Created attachment 244137 [details] Test case 1. Check the function TextCodecLatin1::decode() 2. Suppose the following text is decoded: "%41%42%43%44%45%46%47%48%82%82". 3. The URL precent encoded text will be converted to 10 bytes array and sent to TextCodecLatin1::decode(), 4. Since the first byte is ASCII and since its index is 8-bytes aligned, we use the fast decoding path. 5. Since the first eight bytes are all ASCII, we do the decoding in one step and and we copy the whole word from the source byte array to the result buffer. 6. Since after the first eight bytes, what is left is less than a machine word, we exit the fast decoding path. 7. The problem is after breaking the fast decoding code path, we copy the current byte as is even if it is a non ASCII character. A test case is attached. It works correctly in FireFox and Chrome and shows two non ASCII 0x82 characters at the end. But in Safari, it shows a single 0x82 character at the end.
Created attachment 244140 [details] Patch
Comment on attachment 244140 [details] Patch This makes the all-ASCII-but-not-aligned-to-machine-word case slower unnecessarily. I think a better fix might be to just add: if (!isASCII(*source)) goto useLookupTable; right after the code that says: if (source == end) break; at the end of the isAlignedToMachineWord(source) block.
Comment on attachment 244140 [details] Patch Great catch, by the way! Please consider my suggested alternate fix.
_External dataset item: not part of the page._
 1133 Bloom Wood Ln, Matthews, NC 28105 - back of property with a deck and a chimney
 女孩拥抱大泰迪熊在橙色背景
Created attachment 244172 [details] Patch
(In reply to comment #3) > Comment on attachment 244140 [details] > Patch > > Great catch, by the way! Please consider my suggested alternate fix. Done. Thanks for the suggestion.
Comment on attachment 244172 [details] Patch Clearing flags on attachment: 244172 Committed r178099: <http://trac.webkit.org/changeset/178099>
All reviewed patches have been landed. Closing bug.